Le statut de l’épreuve est également central : pièce unique, épreuve d’artiste (souvent notée « EA »), tirage numéroté (par exemple 7/8), ou fonte postérieure selon les cas. Dans l’esprit du marché, une numérotation cohérente, une signature lisible, et un marquage de fondeur présent peuvent renforcer l’attractivité, car ils structurent l’information et facilitent la comparaison avec des ventes antérieures.
Dimensions, qualité de présentation et lisibilité de l’attribution
Le format influence directement l’intérêt et l’enchère. Un bronze de belle taille, avec une présence sculpturale forte, se positionne généralement mieux qu’un petit sujet très diffusé. Dans le même temps, une œuvre de dimensions modestes peut bien se défendre si elle correspond à un modèle rare, à un sujet recherché, ou si elle est bien documentée.
La lisibilité de l’attribution est un point pratique : signature, mention d’atelier, numérotation, cachet, historique de collection, bibliographie, expositions. Plus les informations sont claires, plus la confiance augmente, ce qui peut soutenir la valeur. À l’inverse, une pièce sans marquage, ou avec une attribution fragile, se négocie souvent avec une marge de prudence.
Provenance, documentation, et rattachement aux sources
La provenance est un facteur structurant, notamment lorsqu’elle permet de relier l’œuvre à un atelier, à une collection ancienne, ou à un circuit identifié (galerie, succession, exposition). Une documentation simple mais solide (facture ancienne, archive familiale, catalogue d’exposition, référence bibliographique) peut suffire à améliorer la perception de l’œuvre. Pour un sculpteur de l’entre-deux-guerres, ces éléments sont souvent décisifs pour distinguer une épreuve de qualité d’une pièce plus difficile à situer.

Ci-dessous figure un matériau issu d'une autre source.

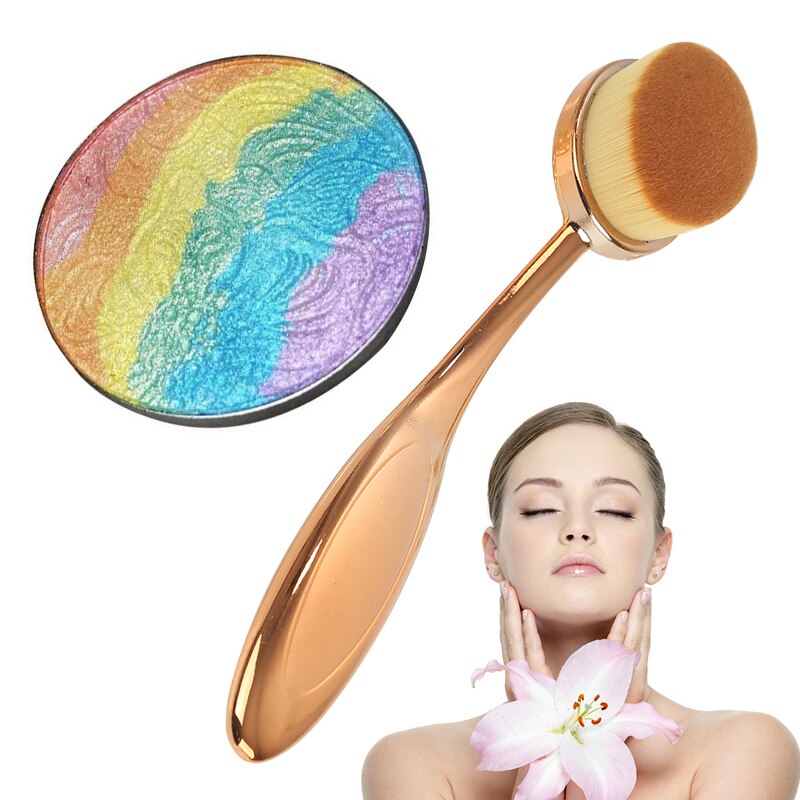Regnbågscontourpalett med iriserande highlighter för ansiktet. Perfekt makeup för glow och skönhet.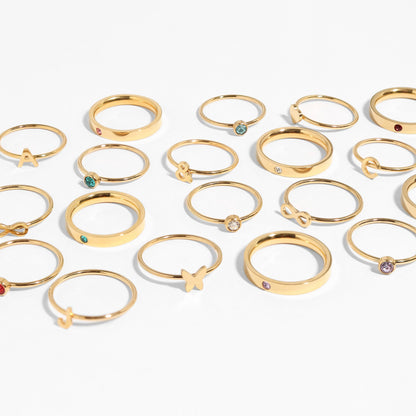 18K Gold PVD Stainless Steel Birthstone Engravable Stacking Ring / ZRJ1004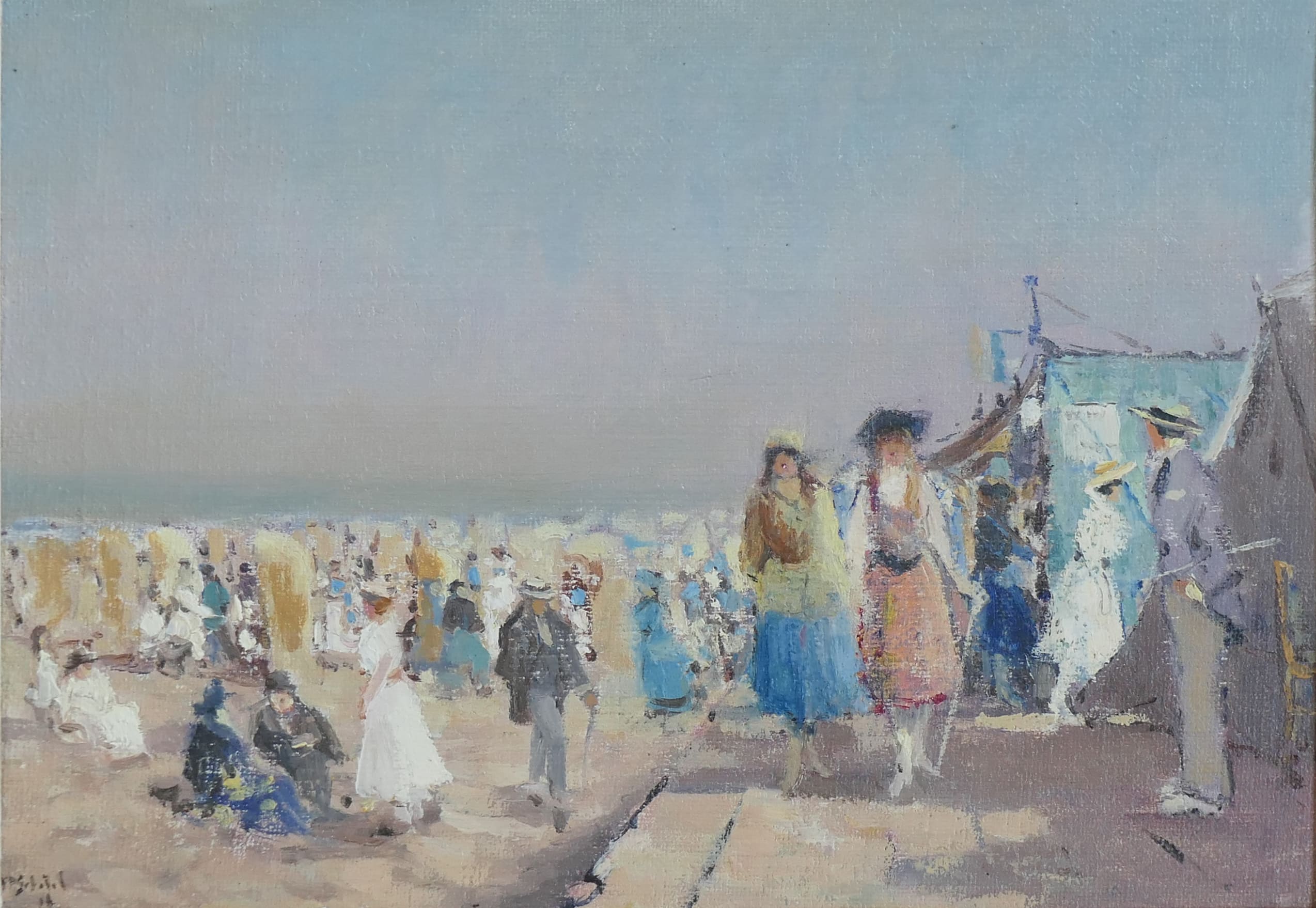 Een warme stranddag zonder lijst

Marché de l’art : demande, cote et niveaux de valeur observés
Le marché de Charles Malfray est un marché de connaisseurs, alimenté par des ventes françaises et, plus largement, européennes. Il s’inscrit dans un segment où la sculpture figurative française du XXe siècle reste active, notamment autour des artistes associés à la modernité « classique » de l’entre-deux-guerres. La demande se concentre en pratique sur des œuvres faciles à identifier, avec un bon équilibre entre qualité plastique, format et documentation.
La cote de Malfray n’est pas homogène : elle varie fortement selon le modèle, la taille, le matériau, et le statut de l’épreuve. Les bases publiques consultables montrent des adjudications modestes sur certains petits bronzes, mais aussi des résultats plus élevés pour des œuvres mieux identifiées ou plus importantes. Pour un propriétaire, la bonne approche consiste à comparer « à modèle comparable » : même sujet, dimensions proches, même nature d’épreuve (numérotée, EA, etc.), et informations de marquage similaires.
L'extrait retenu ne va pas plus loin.